Plans to slim down equalities legislation and narrow the school curriculum, and the threat posed to diversity and cohesion from free schools are all likely to hinder progress towards achieving true equality for LGBT teachers and pupils, speakers at the NASUWT’s annual LGBT Consultation Conference stated. The event was chaired by the then NASUWT President Chris Lines.
However, teachers can and must fight back, NASUWT General Secretary Chris Keates [above] told attendees, as she outlined the challenges facing the profession.
The Union has made significant progress in championing LGBT equality in schools, she said, highlighting the launch of the FIT DVD in association with Stonewall, which can be used by teachers to highlight the issue of homophobia with their students, and the publication of guidance by the previous government for schools on tackling homophobic bullying, to which the NASUWT was a contributor.
However, these achievements are being threatened by the Coalition’s policies, she argued, with a return to a more generalised approach to tackling bullying that fails to recognise homophobic bullying as a distinctive form of abuse.

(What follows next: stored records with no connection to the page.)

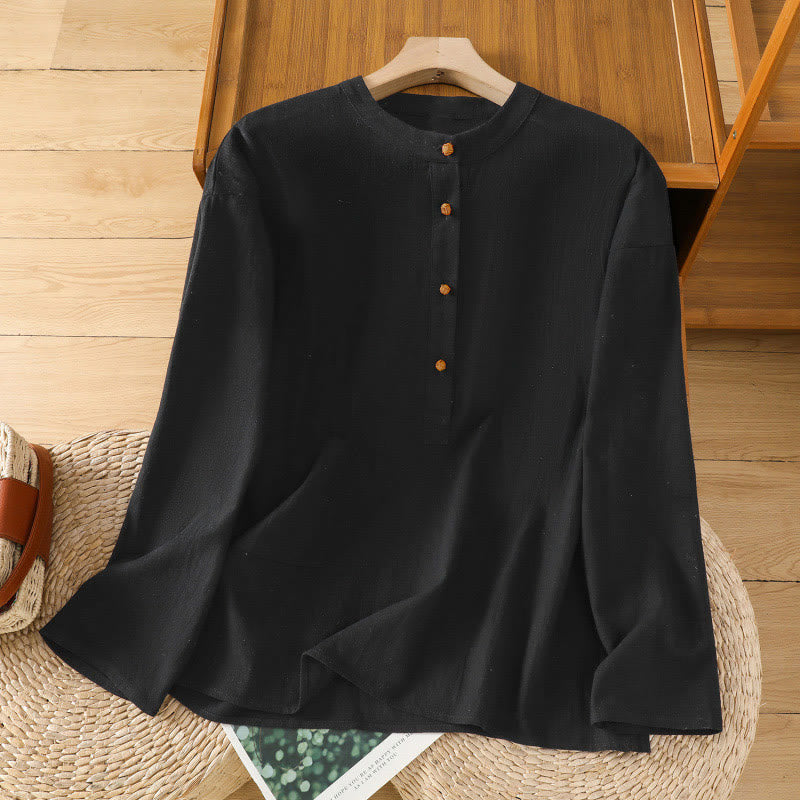 Buddha Stones Summer Casual Pure Color Half Button Simple Design Women's Cotton Linen Half Sleeve Shirt With Pocket - Black - US12,UK/AU16,EU44 (2XL) - image 12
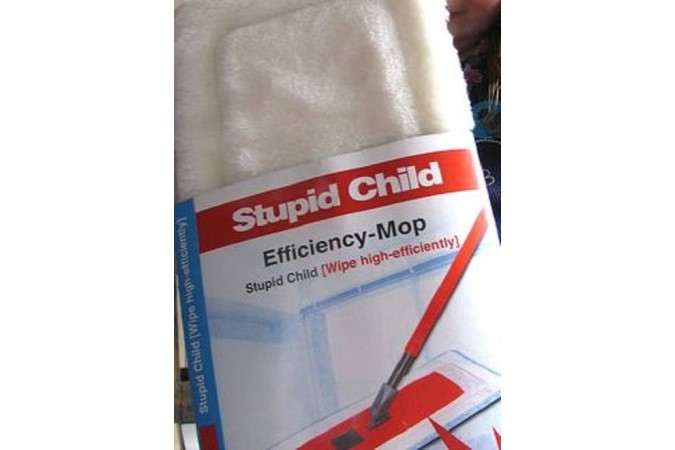stupid child floor mop funny product image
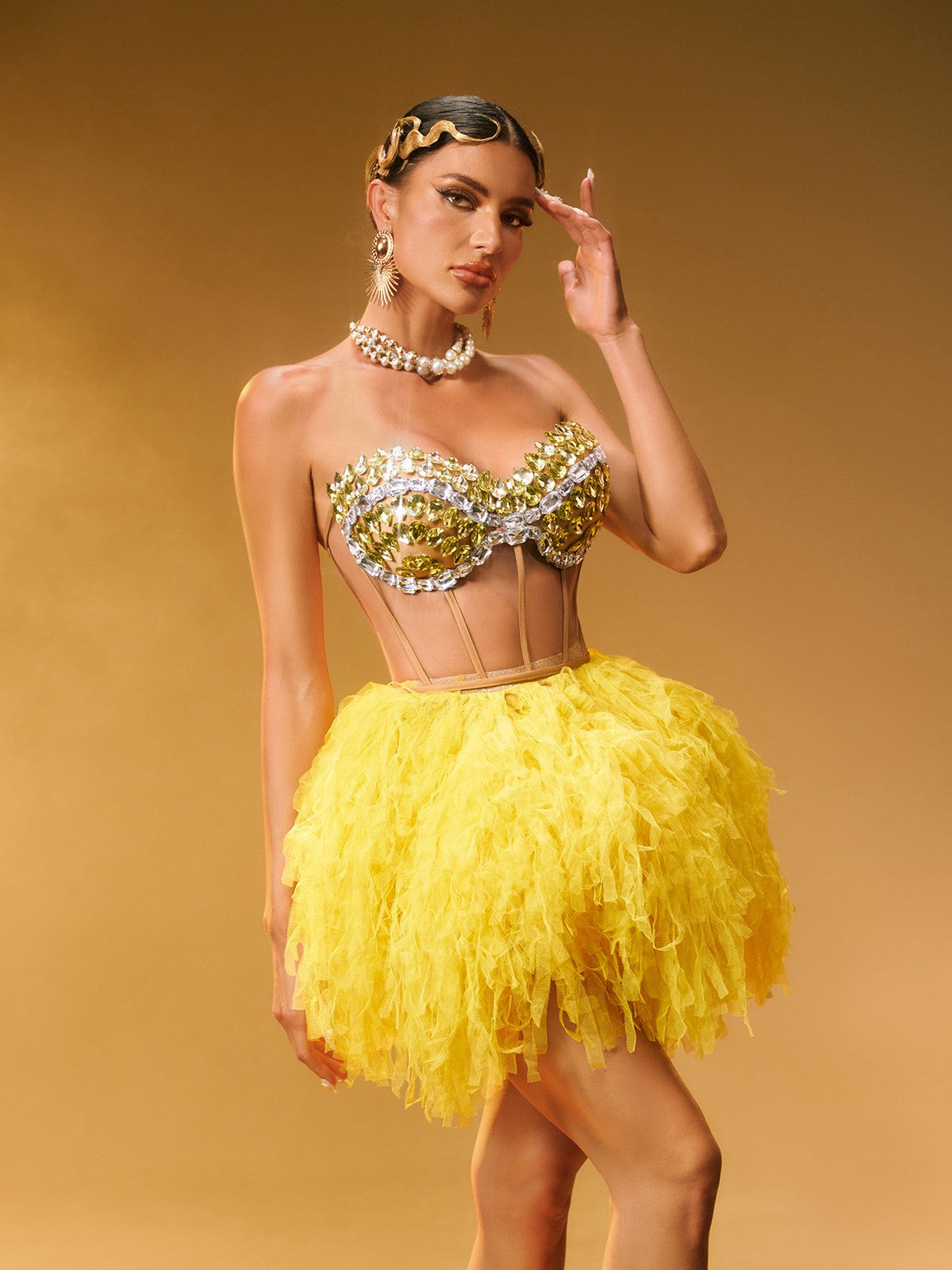 Dakan Straplez Korse Tül Etek Seti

The effect of these changes, along with cuts in public services, will further marginalise LGBT people, she said, a group that already suffers from continuing discrimination.
“Recent research has shown many LGBT people live in poverty and LGBT families are more likely to be poor. LGBT people are more likely to experience disadvantage in terms of health, housing and education. All of these problems are likely to increase as a result of this Coalition’s actions,” she said.
While the outlook is bleak, members can work together through the Union to fight these plans, Ms Keates stated, urging members to get active within their schools, communities and Local Associations.
A graphic illustration of the progress that can be made in promoting equality and challenging homophobia in schools was provided as part of a selection of workshop sessions.
Chris Lillington [below], Assistant headteacher at Prince Henry’s Grammar School in Otley, explained to delegates how he had led work to challenge discrimination in his school, particularly around the use of homophobic language by students.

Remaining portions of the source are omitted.